From: Suren Baghdasaryan <surenb@google.com>
To: Florian Weimer <fweimer@redhat.com>
Cc: Andrew Morton <akpm@linux-foundation.org>,
Michal Hocko <mhocko@kernel.org>, Michal Hocko <mhocko@suse.com>,
David Rientjes <rientjes@google.com>,
Matthew Wilcox <willy@infradead.org>,
Johannes Weiner <hannes@cmpxchg.org>,
Roman Gushchin <guro@fb.com>, Rik van Riel <riel@surriel.com>,
Minchan Kim <minchan@kernel.org>,
Christian Brauner <christian@brauner.io>,
Christoph Hellwig <hch@infradead.org>,
Oleg Nesterov <oleg@redhat.com>,
David Hildenbrand <david@redhat.com>,
Jann Horn <jannh@google.com>, Shakeel Butt <shakeelb@google.com>,
Tim Murray <timmurray@google.com>,
Linux API <linux-api@vger.kernel.org>,
linux-mm <linux-mm@kvack.org>,
LKML <linux-kernel@vger.kernel.org>,
kernel-team <kernel-team@android.com>
Subject: Re: [PATCH 1/1] mm: introduce process_reap system call
Date: Wed, 7 Jul 2021 23:39:34 -0700 [thread overview]
Message-ID: <CAJuCfpEUXz-oHi5Ho8nGAKtFV6ArQDx9yQwrdTzYgHr5+6=YaQ@mail.gmail.com> (raw)
In-Reply-To: <87zguxxrfl.fsf@oldenburg.str.redhat.com>
On Wed, Jul 7, 2021 at 11:15 PM Florian Weimer <fweimer@redhat.com> wrote:
>
> * Suren Baghdasaryan:
>
> > On Wed, Jul 7, 2021 at 10:41 PM Florian Weimer <fweimer@redhat.com> wrote:
> >>
> >> * Suren Baghdasaryan:
> >>
> >> > On Wed, Jul 7, 2021 at 2:47 AM Florian Weimer <fweimer@redhat.com> wrote:
> >> >>
> >> >> * Suren Baghdasaryan:
> >> >>
> >> >> > The API is as follows,
> >> >> >
> >> >> > int process_reap(int pidfd, unsigned int flags);
> >> >> >
> >> >> > DESCRIPTION
> >> >> > The process_reap() system call is used to free the memory of a
> >> >> > dying process.
> >> >> >
> >> >> > The pidfd selects the process referred to by the PID file
> >> >> > descriptor.
> >> >> > (See pidofd_open(2) for further information)
> >> >> >
> >> >> > The flags argument is reserved for future use; currently, this
> >> >> > argument must be specified as 0.
> >> >> >
> >> >> > RETURN VALUE
> >> >> > On success, process_reap() returns 0. On error, -1 is returned
> >> >> > and errno is set to indicate the error.
> >> >>
> >> >> I think the manual page should mention what it means for a process to be
> >> >> “dying”, and how to move a process to this state.
> >> >
> >> > Thanks for the suggestion, Florian! Would replacing "dying process"

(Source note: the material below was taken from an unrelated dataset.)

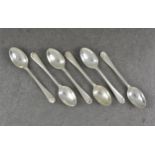 A set of six George V silver 'hockey' coffee spoons, Walker & Hall, Sheffield, 1933, the shaped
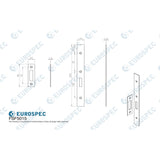This image is a line drwaing of a Eurospec - Din Deadlock Forend & Strike Pack available to order from Trade Door Handles in Kendal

> >> > with "process which was sent a SIGKILL signal" be sufficient?
> >>
> >> That explains very clearly the requirement, but it raises the question
> >> why this isn't an si_code flag for rt_sigqueueinfo, reusing the existing
> >> system call.
> >
> > I think you are suggesting to use sigqueue() to deliver the signal and
> > perform the reaping when a special value accompanies it. This would be
> > somewhat similar to my early suggestion to use a flag in
> > pidfd_send_signal() (see:
> > https://lore.kernel.org/patchwork/patch/1060407) to implement memory
> > reaping which has another advantage of operation on PIDFDs instead of
> > PIDs which can be recycled.
> > kill()/pidfd_send_signal()/sigqueue() are supposed to deliver the
> > signal and return without blocking. Changing that behavior was
> > considered unacceptable in these discussions.
>
> Does this mean that you need two threads, one that sends SIGKILL, and
> one that calls process_reap? Given that sending SIGKILL is blocking
> with the existing interfaces?
Sending SIGKILL is blocking in terms of delivering the signal, but it
does not block waiting for SIGKILL to be processed by the signal
recipient and memory to be released. When I was talking about
"blocking", I meant that current kill() and friends do not block to
wait for SIGKILL to be processed.
process_reap() will block until the memory is released. Whether the
userspace caller is using it right after sending a SIGKILL to reclaim
the memory synchronously or spawns a separate thread to reclaim memory
asynchronously is up to the user. Both patterns are supported.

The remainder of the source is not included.